The MP took it on and openreach insisted they would be doing nothing, which their exec team that deals with MPs agreed with, the problem is that the BDUK grant had already given out the grant for the county, working on the info Openreach supplied, which was now out of date.
This left it in a position where BDUK could do nothing and Openreach would do nothing, this of course broke government policy where one of these had to happen.
it hasn't broken anything. If the situation hadn't changed after 3 years it would be added a secondary pot of money later on. That is why project gigabit was a multi year and multiple contract endeavour.
also
In reply to a post by phead: We got as far as being told that the build would start in July 24, then open reach walked away, its now not before 26, maybe not even after due to pole or re ducting required.

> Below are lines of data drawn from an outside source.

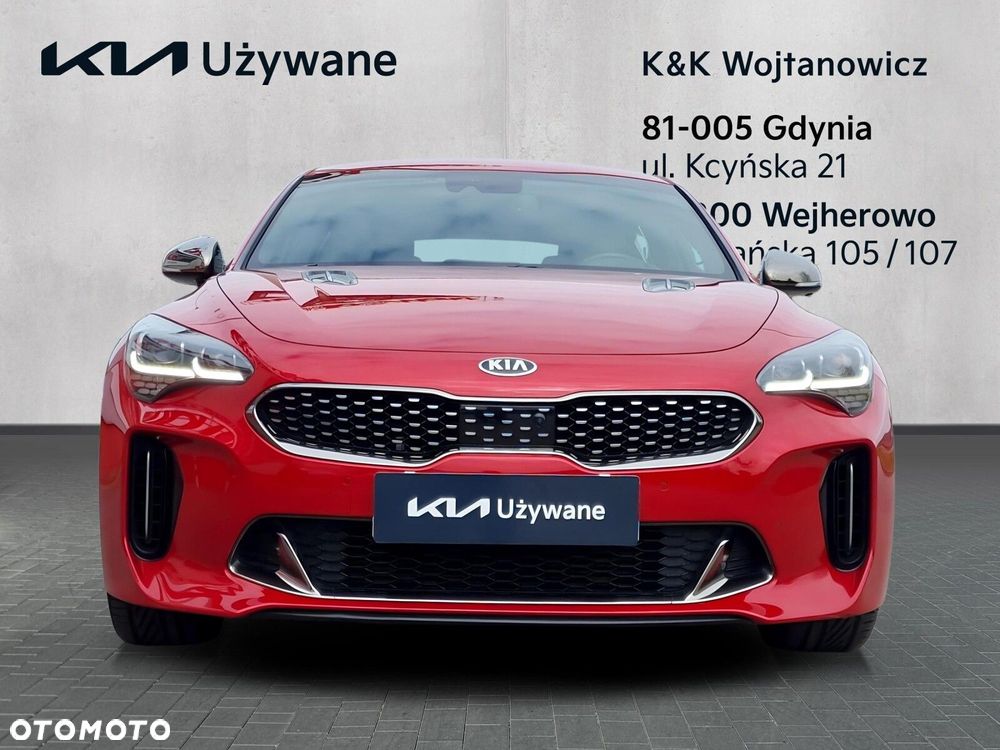 Kia Stinger 2.0 T-GDI GT Line - 8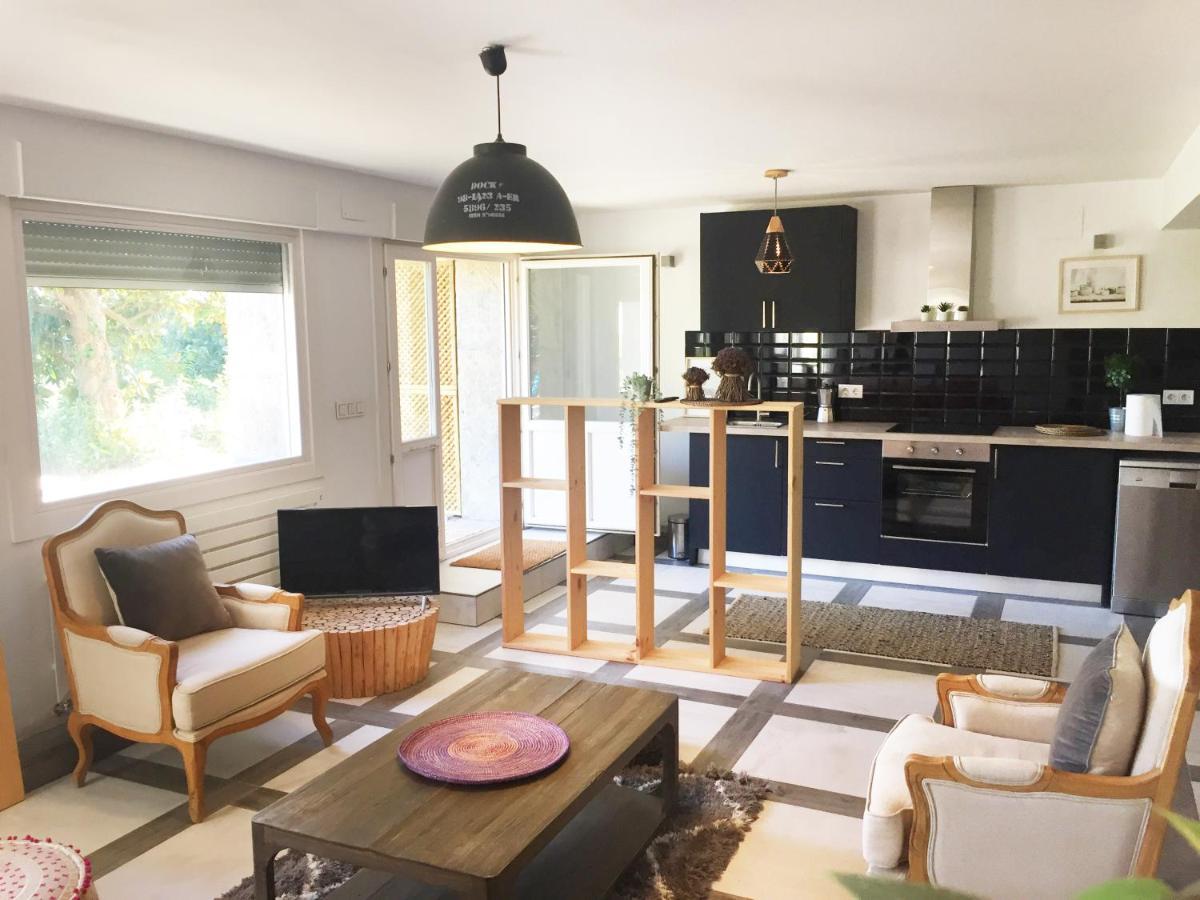 Getxo Garden Houses - The Chalet 빌라 외부 사진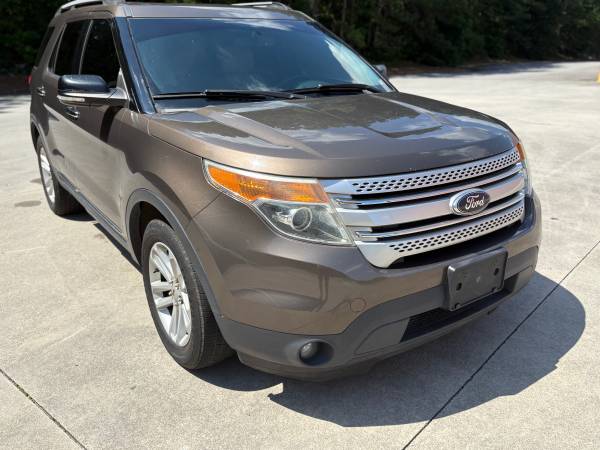 2015 Ford Explorer XLT Fully Loaded Leather Backup Cam Clean Carfax - $6,990 (Snellville / Gwinnett)63620255651459121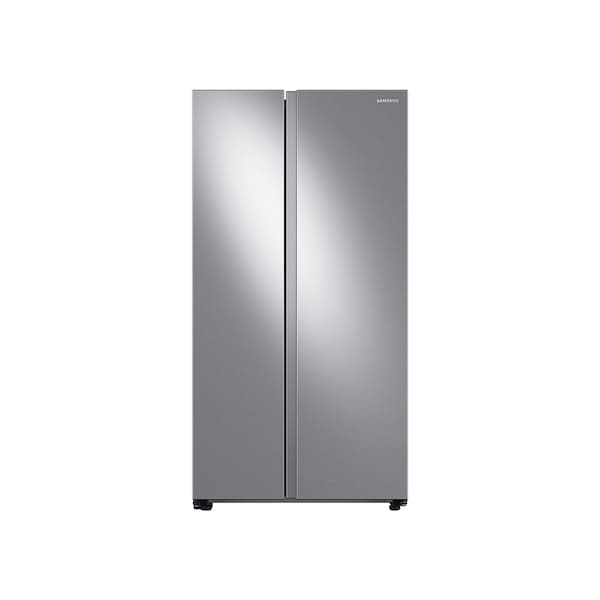 Almo 23 cu. ft. Smart Wi-Fi Enabled Side-by-Side Counter-Depth Refrigerator - RS23A500ASR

so your build got pushed back and forward by quarter and a bit ..... Sadly rather normal for OR. Remember they work in Quarters, so one quarter build from design to completion is mega fast for them. If you rescale to quarters the delay looks tiny - how ever frustrating for the user
I dont know what happened behind the scenes, but it looks like someone poked Openreach in the eye several times as all of a sudden despite multiple refusals by every level of their organisation they suddenly announced they were starting trenching and within a month the fibre was pulled in and I've ordered! Other streets now have dates for completion.
No eyes where hurt. There are many reasons why builds change date. Ours got changed multiple times over a six year period - one of the delays caused work in the new forest to be paused. Also pots of money inside of OR changes. Design changes can lower costs, thus bringing back areas back into scope. Demand too can alter projections.
Edited by Taras (Thu 18-Sep-25 11:14:17)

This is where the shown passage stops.